Thursday, April 02, 2015

Things People Blame the Jews For, Volume XV: Jewish Friends Edition

This one is a little different from other entrants in the series. An Argentine labor leader referred to a government minister as the "little Jew boy". Then we went through the usual cycle: "That's offensive", "How dare you call me anti-Semitic", "We condemn it", "Everybody uses the term," until we get to the inevitable apex:
I didn’t discriminate against him. I have Jewish friends.
Ah yes, the classic "I have Jewish friends" defense. It is so ubiquitous that maybe it's time I stop closing my eyes to the pattern. Maybe the real cause of anti-Semitism is ... Jewish friends.

Think about it. When's the last time somebody who says anti-Semitic nonsense hasn't immediately referred to their many many Jewish friends? They go together like bacon and eggs latkes and applesauce. Obviously, we're doing something wrong. Either we're not very good friends, or we're subliminally feeding our goyish pals anti-Semitic messages so they can humiliate themselves in public.

Or having Jewish friends isn't a bar to anti-Semitism. But obviously that's the least likely hypothesis here.


Mark said...


You do realize there exist people who's level of anti-Semitism would prevent them from knowingly befriending someone who is Jewish? Given that, the statement "I have Jewish friends" means that person isn't one of them. It isn't the meaningless statement you pretend.

A few other questions. Do you have Christian conservative friends? Do you know liberals who would not knowingly befriend someone who was a conservative Christian? How many of your friends voted for Mr Romney?

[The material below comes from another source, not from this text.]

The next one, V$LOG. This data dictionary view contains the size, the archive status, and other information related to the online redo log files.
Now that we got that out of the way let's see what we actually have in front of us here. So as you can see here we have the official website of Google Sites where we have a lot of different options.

You asked me to read "covering" some years back. I'm curious, do you know (or suspect) any of your acquaintances in liberal legal circles "cover" their conservatism or Christian beliefs?

David Schraub said...

1) I suppose there is such a "level", but plenty of virulently anti-Semites nonetheless manage to clear it, so it isn't particularly useful. It has less predictive capacity than you think. Even the Nazis liked to talk about their "one good Jew."

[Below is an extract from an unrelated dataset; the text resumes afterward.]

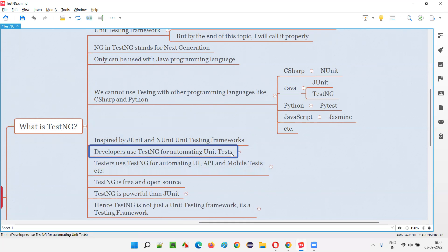Developers use TestNG to automate their unit tests. There are different levels of software testing: unit testing, integration testing, system testing, and user acceptance testing. Unit testing and integration testing are generally done by developers. With TestNG, thousands of unit tests can be run with a single click.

2) Yes; I doubt it (though I don't know for sure); a small handful (still probably lower than the national average given my age group though it's worth noting that Romney won less than 1/3 of the youth vote).

3) Probably (though of course, by definition, I might not notice it if they did because I'd be among the people they'd be "covering" from).

More broadly -- if someone accused me of anti-Christian bigotry, I'd have several responses, but one of them would not be "but I have Christian friends!" (even though I do). It is nonresponsive to the critique being leveled and doesn't say anything useful.

EW said...

"[I]f someone accused me of anti-Christian bigotry, I'd have several responses, but one of them would not be 'but I have Christian friends!' (even though I do)."

I'd guess Schraub would be less likely to be accused of being anti-Christian than of being excessively inclined toward Jews and/or Israel. To rebut such accusations, perhaps Schraub should cultivate new acquaintances so that he can fire back with, "But -- I have anti-Semitic friends!"